A Acadêmicos do Salgueiro volta aos temas afros, tão caros à sua história. ‘Gaia, a vida em nossas mãos’ (Xande de Pilares/Dudu Botelho/Miudinho/Betinho de Pilares/Rodrigo Raposo/Jassa) não é um samba de empolgação, daqueles que caracterizam recentes desfiles da escola, contudo é emocionante. É samba que tem tudo para crescer e acontecer na Avenida e fazer a vermelho-branco brilhar, com a bênção dos Orixás. A herança africana também está presente em ‘Batuk’ (Márcio André/Vaguinho/Marcão Meu Rei/Alexandre Alegria/Rono Maia/Karine Santos), samba de enredo que marca o retorno da Império da Tijuca ao Grupo Especial do Carnaval carioca, após 18 anos.  “Vai tremer o chão, vai tremer” avisam os versos do principal refrão do hino bem interpretado por Pixulé.
‘A festança brasileira cai no samba da Mangueira’ (Lequinho/Junior Fionda/Paulinho Carvalho/Flavinho Horta/Igor Leal) é o eficiente hino da Estação Primeira. A melhor novidade é Luizito como único intérprete. 
Depois do constrangedor enredo sobre o Rock in Rio em 2013 a Mocidade Independente de Padre Miguel se redime ao falar sobre Fernando Pinto (1945 – 1987), carnavalesco que assinou desfiles inesquecíveis: ‘Como era o verde meu Xingu’ (1983) e ‘Tupinicópolis’ (1987), entre outros. ‘Pernambucópolis’ (Dudu Nobre/Jefinho Rodrigues/Marquinho Índio/Jorginho Medeiros/Gabriel Teixeira/Diego Nicolau) é um bom samba que pode recolocar a grande escola verde-e-branca nos trilhos.
Imperatriz Leopoldinense e União da Ilha do Governador apresentam sambas leves, satisfatórios. Enquanto a escola do subúrbio de Ramos canta a vida de Zico, em ‘Arthur X – O reino do galinho de ouro na corte da Imperatriz’ (Elymar Santos/Guga/Tião Pinheiro/Gil Branco/Me Leva), a Ilha tenta reviver seus tempos de leveza e popularidade com ‘É brinquedo, é brincadeira, a ilha vai levantar poeira’ (Paulinho Poeta/Régis/Gabriel Fraga/ Carlinhos Fuzileiro/Canindé/Flávio Pires). Ito Melodia não nega a descendência e novamente valoriza o hino da simpática agremiação.

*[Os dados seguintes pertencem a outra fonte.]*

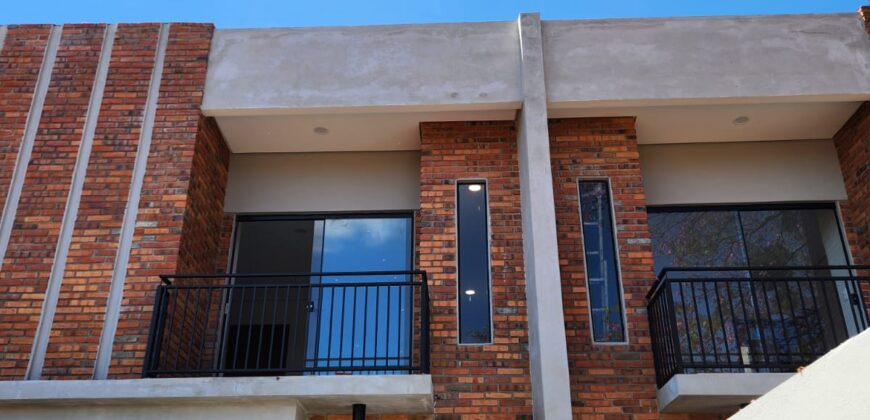 Duplex en venta  Laurenty – Luque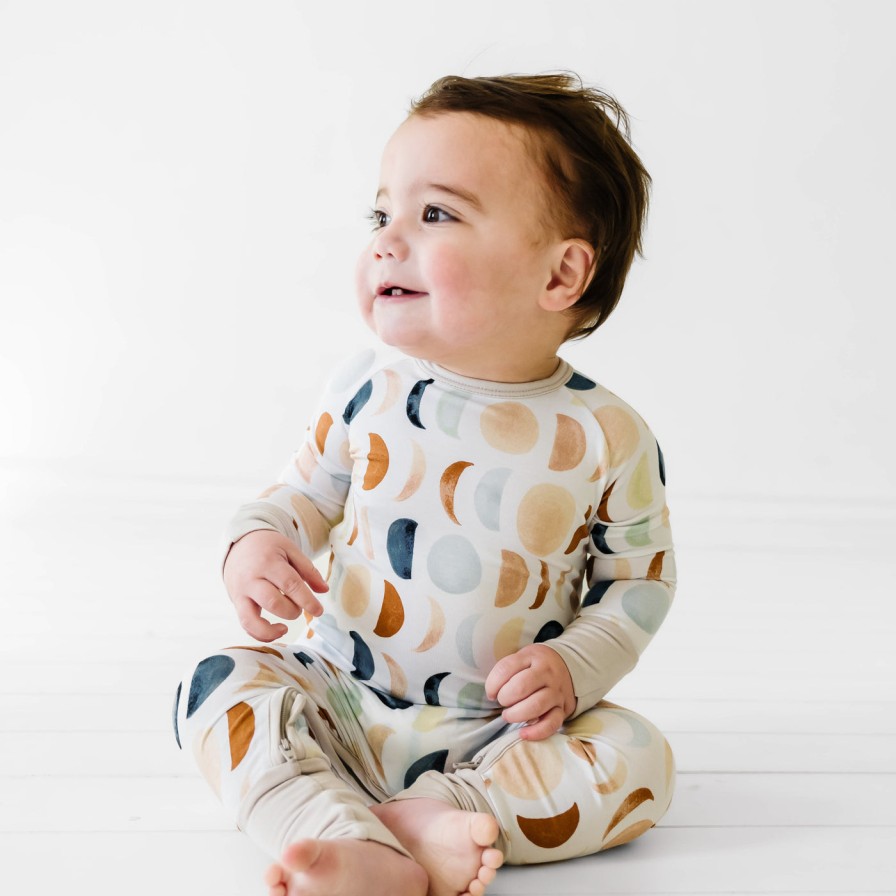 Sleep Little Sleepies Zippies | Meet The Crescent Zippy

A São Clemente não foge dos clichês em ‘Favela’ (Ricardo Góes/Serginho Machado/Naldo/ Grey/Anderson Benson/FM/Flavinho Segal), enquanto a Beija-Flor de Nilópolis tenta em vão injetar poesia no enredo sobre José Bonifácio de Oliveira Sobrinho. Com ‘O astro iluminado da comunicação brasileira’ (Jr. Beija-Flor/Sidney de Pilares/Junior Trindade/Adilson Brandão/Zé Carlos/Diogo Rosa/Carlinhos Careca/Samir Trindade), dos versos “Boni, tu és o astro da televisão”, é melhor esperar pelo enredo de 2015...
A Unidos da Tijuca apresenta um samba funcional que será esquecido logo em seguida. ‘Acelera, Tijuca!’ (Caio Alves/ Fadico/Gustavinho Oliveira/Tinguinha) mistura a Corrida Maluca, Ayrton Senna em versos pobres como “Dos animais, agilidade/ A inspirar velocidade”. Por fim, ‘Verdes olhos de Maysa sobre o mar, no caminho: Maricá’ (Deré/Robson Moratelli/Rafael Ribeiro/Hugo da Grande Rio/Toni Vietnã), samba da Acadêmicos do Grande Rio se apoia em refrãos interessantes sem conseguir desenvolver o confuso enredo sobre a cantora Maysa e sua cidade natal. Na média, a safra de sambas de enredo para o Carnaval 2014 é satisfatória, embora não apresente nenhuma obra-prima que entre numa antologia do gênero.